[Extracted records]
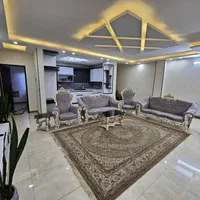 اجاره ویلا باغبادران باغ بهادران باغبهادران|اجارهٔ کوتاه‌مدت ویلا و باغ|اصفهان, بوستان آینه خانه|دیوار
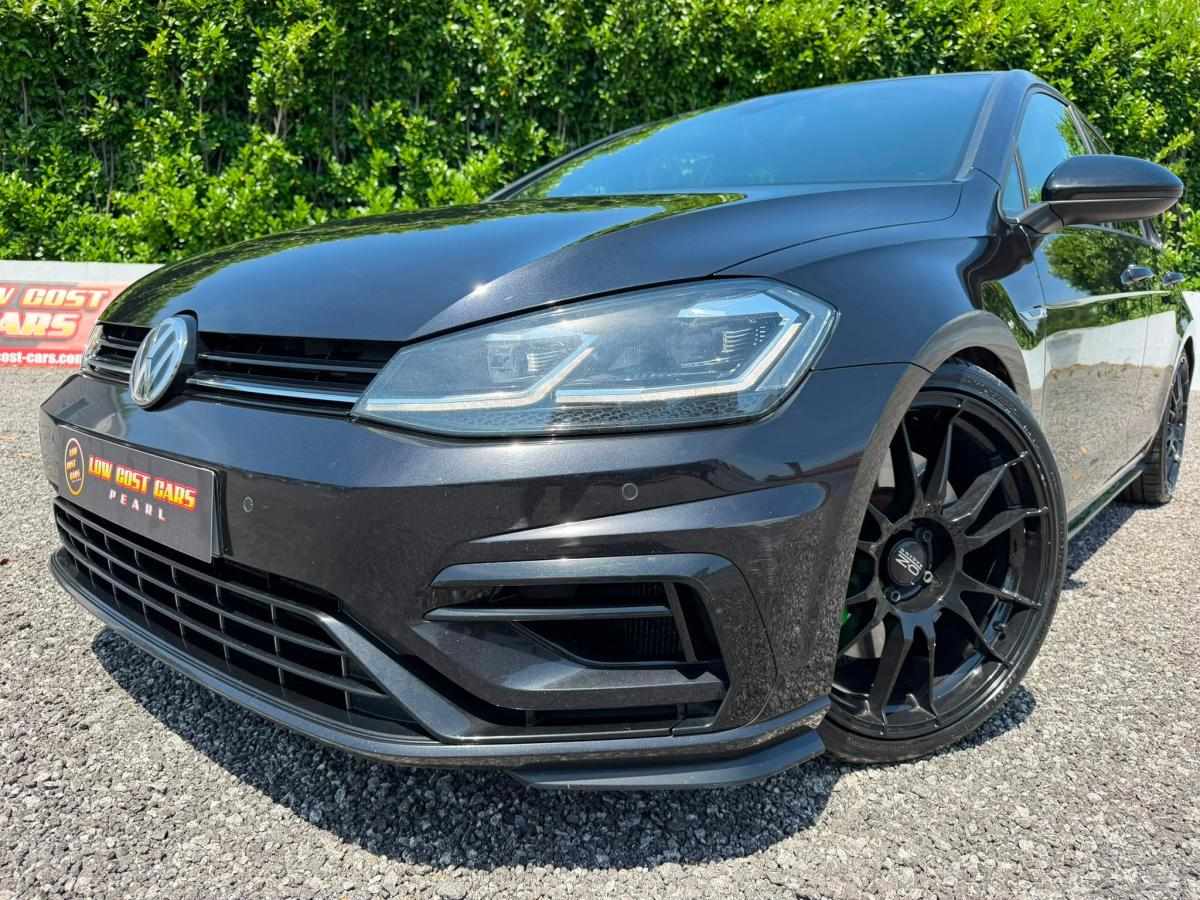 volkswagen-golf-2017-gasolina-1984cc
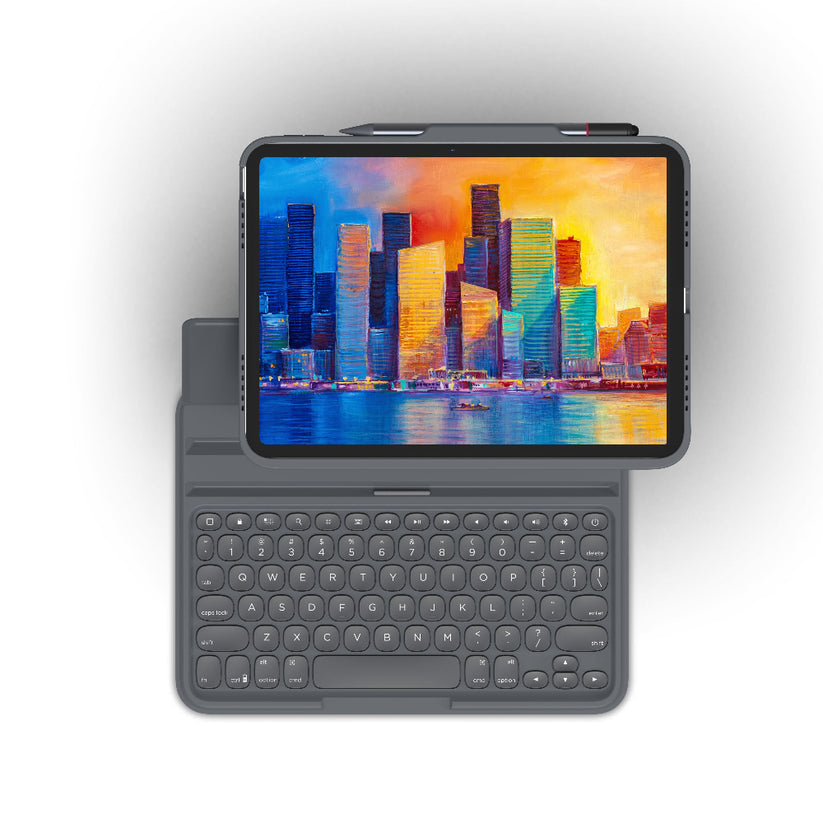 Case_con_Teclado_ZAGG_Pro_Keys_para_iPad_10_9_10_A16_Negro_Imagen_posicion_6_iShop_Colombia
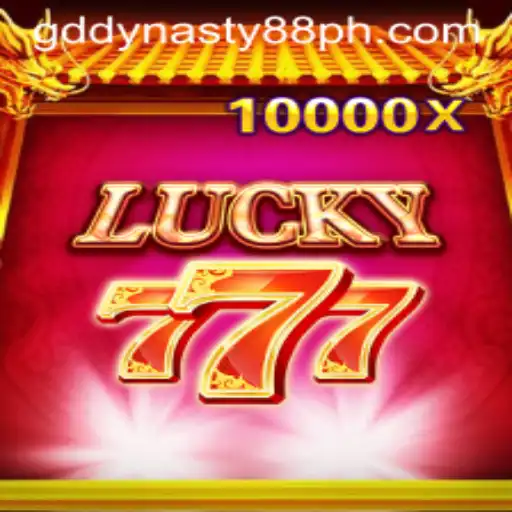 Exploring the Thrills of LuckySeven and the Influence of GD Dynasty 88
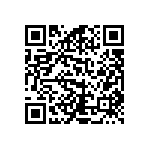 RCP0603W30R0GWB QRCode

Exercise details: The copy should begin at the line containing "Exploring the Thrills" and end at the last line of the data above; please restate those lines word for word without the pictures.

Answer to this exercise:
 Exploring the Thrills of LuckySeven and the Influence of GD Dynasty 88
 RCP0603W30R0GWB QRCode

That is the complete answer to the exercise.